[[ DATA SHOWN open ]]

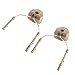 1Pair Tactical Helmet Headset Support ARC Rail Adaptor Suspension Headphones Bracket Hunting Earmuffs Left & Right Side Attachments For Peltor Comtac (Tan)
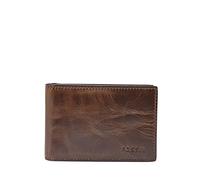 Fossil Derrick Money-Clip Portafoglio Bifold Uomo, Marrone, Taglia unica
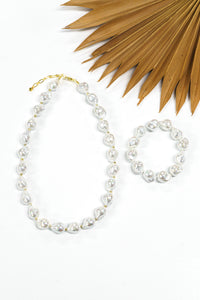 Tidefall Shell Pearl Necklace | Shop Bali Queen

[[ DATA SHOWN closed ]]

→ **AIM OF THE EXERCISE**
Leave the images out. Set down all of the material above exactly.

→ **EXERCISE ANSWER**
 1Pair Tactical Helmet Headset Support ARC Rail Adaptor Suspension Headphones Bracket Hunting Earmuffs Left & Right Side Attachments For Peltor Comtac (Tan)
 Fossil Derrick Money-Clip Portafoglio Bifold Uomo, Marrone, Taglia unica
 Tidefall Shell Pearl Necklace | Shop Bali Queen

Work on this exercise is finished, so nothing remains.